Because the experts, pundits and historians, will be analyzing, parsing and writing Election ’08 for decades. They will examine, in particular, how progressive voices impacted the demise of the ever-solid, hard-wired GOP Southern Bloc and how on earth an African American candidate put his own 18 million cracks in the uber-conservative ceiling down here.
Why this book? Because those experts, however well-meaning or broadly educated in all matters socio-political, are not Southerners. They are not writers who came of age in Jim Crow South Carolina. Nor are they ordinary citizens who live and work, eat and sleep, in the rural South.
It was an army of ordinary Southern voters who, when they closed the curtain behind themselves on election day, broke ranks and voted for the Democratic candidate.
Why this book? Because chronicling the columns and posts of a Southern journalist arguing for the end of the Dubya Doctrine and the beginning of an Obama Era may help explain why that surge of Southern voters said NO to the GOP on November 4, 2008. For us, it involved an epiphany; a surprising number of us found some light at the end of the Jim Crow tunnel.
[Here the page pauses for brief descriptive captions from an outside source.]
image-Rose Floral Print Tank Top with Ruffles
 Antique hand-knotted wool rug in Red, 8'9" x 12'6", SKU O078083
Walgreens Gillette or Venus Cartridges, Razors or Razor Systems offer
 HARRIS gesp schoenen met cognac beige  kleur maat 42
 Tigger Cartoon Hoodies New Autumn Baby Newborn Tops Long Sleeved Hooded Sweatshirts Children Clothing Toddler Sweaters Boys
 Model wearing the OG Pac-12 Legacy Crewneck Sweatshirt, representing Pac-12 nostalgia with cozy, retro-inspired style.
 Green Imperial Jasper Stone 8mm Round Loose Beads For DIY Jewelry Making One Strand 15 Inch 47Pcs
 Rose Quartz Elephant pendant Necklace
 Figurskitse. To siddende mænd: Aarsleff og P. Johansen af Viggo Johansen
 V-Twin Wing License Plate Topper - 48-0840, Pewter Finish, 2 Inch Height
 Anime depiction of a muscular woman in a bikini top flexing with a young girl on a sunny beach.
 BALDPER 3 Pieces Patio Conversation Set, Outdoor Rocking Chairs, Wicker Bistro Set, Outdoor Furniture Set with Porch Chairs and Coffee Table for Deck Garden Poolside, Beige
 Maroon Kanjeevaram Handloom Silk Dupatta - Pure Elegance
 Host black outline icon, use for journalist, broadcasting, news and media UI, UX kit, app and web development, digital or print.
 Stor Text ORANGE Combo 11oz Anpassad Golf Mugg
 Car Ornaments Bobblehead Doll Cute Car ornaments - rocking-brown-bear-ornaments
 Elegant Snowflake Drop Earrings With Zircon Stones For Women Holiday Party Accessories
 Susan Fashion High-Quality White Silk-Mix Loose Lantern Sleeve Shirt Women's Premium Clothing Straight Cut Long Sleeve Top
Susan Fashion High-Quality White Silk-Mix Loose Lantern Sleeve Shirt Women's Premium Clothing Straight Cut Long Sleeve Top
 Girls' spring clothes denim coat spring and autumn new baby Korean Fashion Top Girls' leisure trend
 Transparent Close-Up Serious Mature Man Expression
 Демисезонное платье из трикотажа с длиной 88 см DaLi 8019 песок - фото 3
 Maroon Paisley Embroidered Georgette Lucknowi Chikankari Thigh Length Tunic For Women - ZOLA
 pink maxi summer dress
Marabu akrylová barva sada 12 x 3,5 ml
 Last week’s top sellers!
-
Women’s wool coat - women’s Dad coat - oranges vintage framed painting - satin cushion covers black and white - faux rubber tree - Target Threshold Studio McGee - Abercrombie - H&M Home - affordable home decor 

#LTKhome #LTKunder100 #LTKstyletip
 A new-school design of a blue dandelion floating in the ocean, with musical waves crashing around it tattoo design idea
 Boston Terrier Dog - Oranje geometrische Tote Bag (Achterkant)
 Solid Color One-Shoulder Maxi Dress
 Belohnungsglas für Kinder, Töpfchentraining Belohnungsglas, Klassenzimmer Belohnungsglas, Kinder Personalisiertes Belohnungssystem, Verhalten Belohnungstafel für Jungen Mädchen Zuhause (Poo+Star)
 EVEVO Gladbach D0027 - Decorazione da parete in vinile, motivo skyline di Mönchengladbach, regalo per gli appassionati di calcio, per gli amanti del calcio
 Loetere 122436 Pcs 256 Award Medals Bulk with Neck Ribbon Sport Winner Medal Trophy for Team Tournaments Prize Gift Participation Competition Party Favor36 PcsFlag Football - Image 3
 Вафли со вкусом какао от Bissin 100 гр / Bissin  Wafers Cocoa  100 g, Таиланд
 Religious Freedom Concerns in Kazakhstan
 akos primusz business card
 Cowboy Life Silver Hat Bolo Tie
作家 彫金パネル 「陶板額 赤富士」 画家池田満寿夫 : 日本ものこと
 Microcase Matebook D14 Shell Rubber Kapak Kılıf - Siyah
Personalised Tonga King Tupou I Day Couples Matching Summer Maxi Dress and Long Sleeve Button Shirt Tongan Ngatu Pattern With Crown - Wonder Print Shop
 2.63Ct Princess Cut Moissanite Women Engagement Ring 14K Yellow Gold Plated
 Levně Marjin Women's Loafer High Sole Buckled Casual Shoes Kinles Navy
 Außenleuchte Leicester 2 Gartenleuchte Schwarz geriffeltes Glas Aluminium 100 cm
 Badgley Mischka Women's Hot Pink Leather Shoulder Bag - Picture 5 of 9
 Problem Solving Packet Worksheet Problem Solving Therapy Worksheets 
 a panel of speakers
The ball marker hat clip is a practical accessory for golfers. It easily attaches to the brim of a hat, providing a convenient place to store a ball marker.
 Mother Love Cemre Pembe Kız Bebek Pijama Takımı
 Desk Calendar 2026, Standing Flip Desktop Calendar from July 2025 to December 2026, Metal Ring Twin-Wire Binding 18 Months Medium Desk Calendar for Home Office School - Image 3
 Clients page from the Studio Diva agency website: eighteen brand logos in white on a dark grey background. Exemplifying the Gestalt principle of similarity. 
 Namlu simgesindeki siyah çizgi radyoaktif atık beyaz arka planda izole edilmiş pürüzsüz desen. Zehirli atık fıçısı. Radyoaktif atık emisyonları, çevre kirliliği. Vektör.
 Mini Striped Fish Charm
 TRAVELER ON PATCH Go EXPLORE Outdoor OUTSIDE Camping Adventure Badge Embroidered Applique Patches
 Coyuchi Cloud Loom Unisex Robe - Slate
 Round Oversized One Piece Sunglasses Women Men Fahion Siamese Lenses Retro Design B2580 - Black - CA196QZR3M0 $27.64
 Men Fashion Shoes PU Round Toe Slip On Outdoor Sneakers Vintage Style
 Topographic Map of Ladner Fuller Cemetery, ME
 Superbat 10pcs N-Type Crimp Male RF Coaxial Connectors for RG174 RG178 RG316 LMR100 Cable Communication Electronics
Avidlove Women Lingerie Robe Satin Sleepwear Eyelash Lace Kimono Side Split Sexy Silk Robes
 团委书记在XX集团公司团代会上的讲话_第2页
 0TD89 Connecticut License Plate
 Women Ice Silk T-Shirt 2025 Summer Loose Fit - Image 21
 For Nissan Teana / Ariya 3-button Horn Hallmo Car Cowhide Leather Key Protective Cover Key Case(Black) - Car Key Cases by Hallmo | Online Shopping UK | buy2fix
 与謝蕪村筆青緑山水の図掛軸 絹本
Southerners are cantankerous about their politics. Liberal, in the Deep South, has been a four-letter word since Bleeding-heart Yankees turned the Democratic Party from the segregation-friendly party of “states’ rights” to the party of equal rights integration: shared opportunity, shared schools, shared water fountains and seats at the front of the bus.
Few people can speak better to the emergence, however tenuous, of a more progressive South in 2008 than the Southern writers who have argued for that kind of change.
Had this book ended as planned, on the high note story of Inauguration Day 2009, an argument about relevance might have been made. It was, in the main, a look back. But my editor, Wallace McBride, is the dream shepherd of every writer’s attempt to speak his/her truth to power. He responded in the affirmative when I said we needed a very last minute epilogue. Given the GOP’s finding its lost voice — that of the strident obstructionist minority in the face of a necessary stimulus bill — more had to be said. I ended the book on a fiery note; a warning to progressives and a challenge to conservatives.
Winning is not enough. We progressives must remain the vigilant, vocal activist community which helped turn the Southern tide just a small, healthy bit to the left, in 2008.
The progressive South should be heard. And we can speak for ourselves.